Старец хмыкнул и, завесив глаза снежными застругами бровей, хмуро спытал:
– Староотеческим крестом спасаешься, або как греки указали?
– А всяко, – вяло шевельнул ладонью Никон, – добры обоя.
Гость возразил:
– Только лапоть на обоя ноги плетётся.
– Всяко гоже, – упёрся монах. – Кады как. Аз тремя персты, как к спокою гораздше, оно и чертей не корчит и мне от гостюшек бездосадно. Быват, отойду в забытье, то и двумя перстами обмахнусь, так они из кельи с воем умахнут, яко ветр выдует. Но-о, уж как вспять влетят, то так-то рёбра настучат и боки намнут! Пластом отлёживаюсь. А я от ссылок да неправды царской вкрай охворал и весь оголодовал. В страхе и нищете живот износил и сна лишился. В голове шум велий, аки ковали мехами огнь вздувают, да в наковальни молотами гудут. Оно и ноги не носют. Чую, край доспел на ниву Божию в колодине откочёвывать.
Сугробный старец вновь притопнул посошком и как приговорил:
– Воистину – доспел! Токмо на жальник к содружникам подкатоличным, к другим немцам русским. А нивушка Божия вельми заселена убиенными за Исуса, и до времени в сельбище том петухи не поют, люди не встают, солнышко не блестит, небушко не звездит, лишь Свете Тихий неизреченный над ними, праведными, царует.
– Алексеюшка-царь небось на нивушке почиват, меня поджидат? – с виноватинкой в заискивающем шепоте понадеялся Никон.
– Нет, – отрубил старец. – Ему к Свете Тихому врата всекрепко зааминены.

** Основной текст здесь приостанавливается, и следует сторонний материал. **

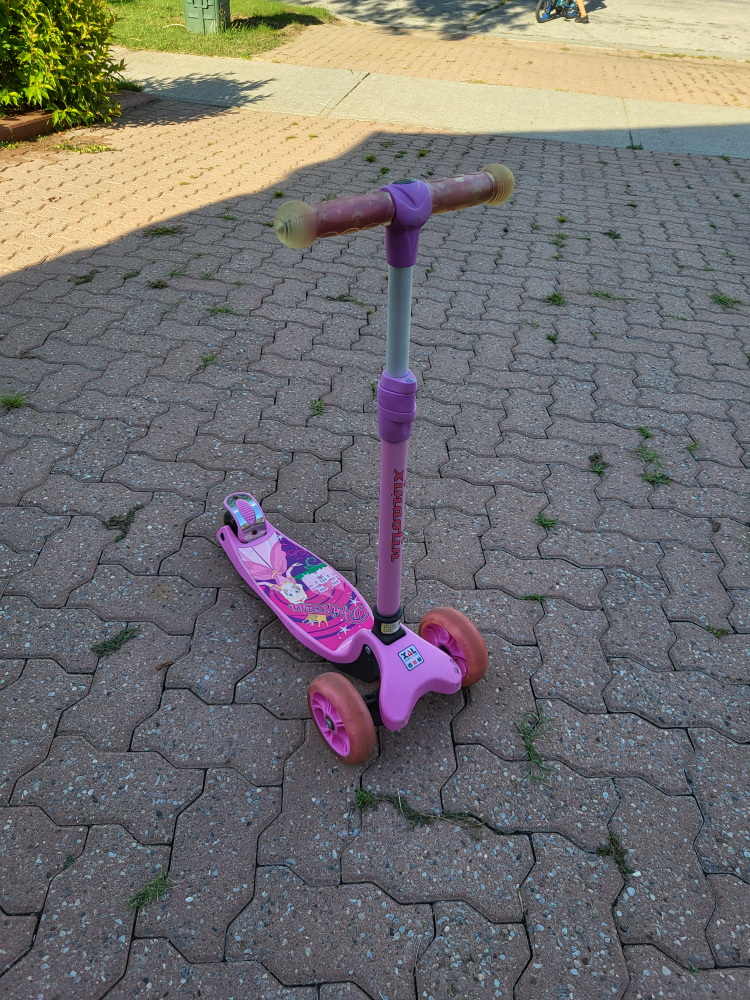 kids scooter thumbnail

Он в собинном местилище в муках приисподних. Суда Страшного ждёт. Тебе к нему наказано, к своему выученику державному.
Никон засопел, навалился на посох, обвис на нём чёрным пугалом и проговорил удушливо, в землю:
– Этак-то допредже и Аввакумушко гордой предрёк: «Знай, патриарше, с греками-латинщиками дашь маху – втащишь себя на плаху». То и сталося. Эт куды от меня ум-от подевалси?..

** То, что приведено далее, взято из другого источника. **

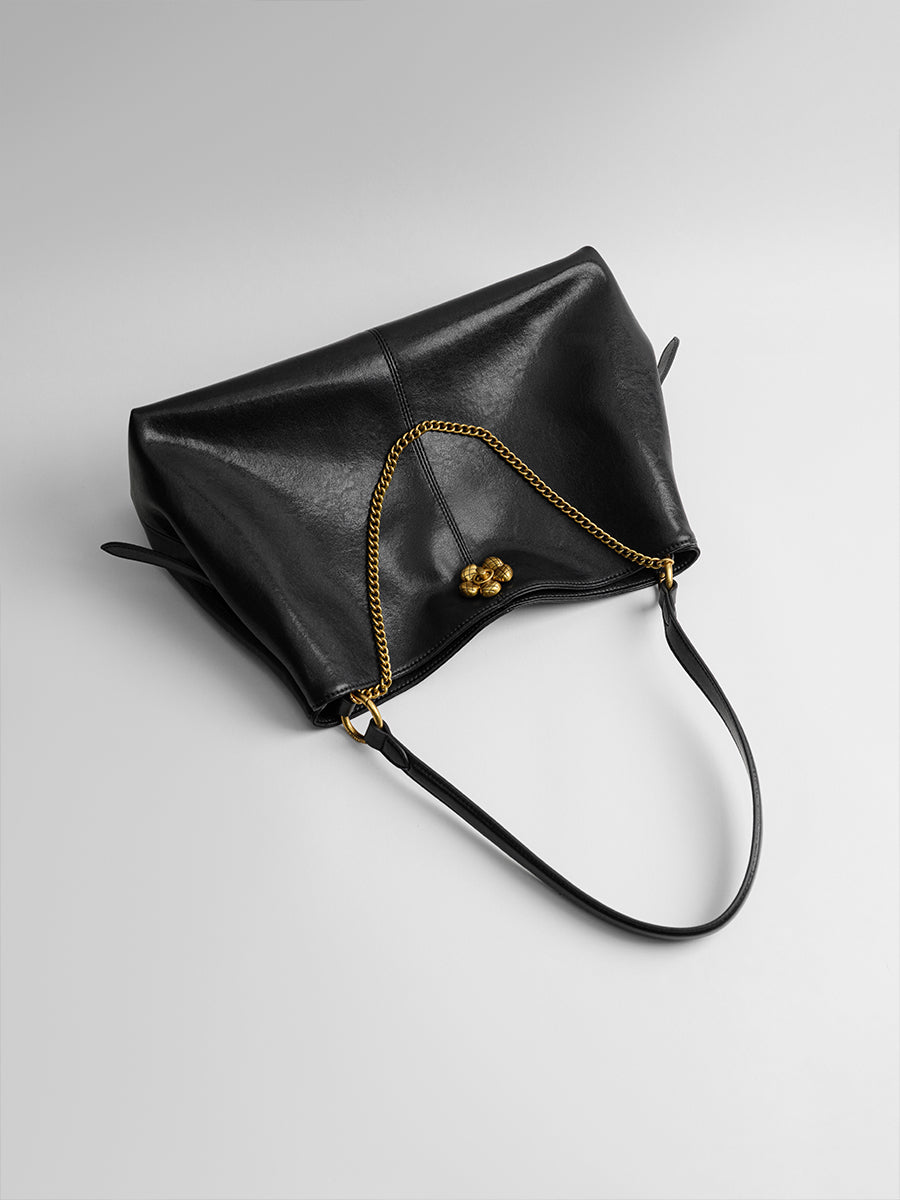 Large-capacity commuter tote bag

Сугробный старец поднялся с валуна, стоял во всём белом, сам белый в лапоточках берестяных и утешливым взглядом смотрел поверх сникшего мниха на озеро, задёрнутое шторой тумана, за которым упряталась увечная лебедь, проговорил:
– А и с умом воровать – суда не миновать.
– Не миновать, – не поднимая головы покорливо признал Никон. – Но-о… Есмь у меня надёжа едина, кабы её управить ладнее. – И с отчаянием, замешливо, начал выговаривать: – Фёдор Лексеевич, наследыш Тишайшего, всё-то грамотки шлё-ёт, всё-то про-осит моего прощения рукой на бумаге родителю безрассудному и молитв разрешительных. А кого я смею – священства лишенный мних?
– Аки мних и потшись, – тихнул голосом старец. – Слова твои ангелы слышали и на свиток записали, да ведомо будет… Сказываю тебе – потшись.
– Николи! – Никон зло отпнул посохом камешек, он отлетел в туман и там пичкнул в озеро, будто обиженно всхлипнул. – Я ишшо не самошедшай! Пущай поклонно зовёт на престол мой московскай. Ужо там в Большом Успении при народном множестве, я, как есмь патриарх российской, отпущу государю усопшему прегрешения его и помолюсь с иерархами русскими пред святыми мощами во спасение души его. Наче – никак. Наче некомуждо станет и за меня, одним грехом с государем грешного, Господу докучать о милости.
– Как же Иоаким? – совсем уж шепотом прошелестел старец. – Ноне он патриарх.
– Самоставник царской, не патриарх! – вскричал Никон. – Вот его с митрополитами, им ставленными – Лариошкой да Пашкой, да греков-иудов за хлеб-соль мою распявших меня аки Христа – заломлю наипервейше, потом уж покаяние Господу скажу за грех мой вероотступный. Тако учну, как покойный Иван Неронов наущал. Со слому!
То ли камыш прибрежный еле шумнул, то ли старец затухающе молвил:
– На Руси што ни ломать, чужих бесов не звать, свои есть…
– Е-е-есть… истаявшим эхом донеслось до чутких ушей Никона.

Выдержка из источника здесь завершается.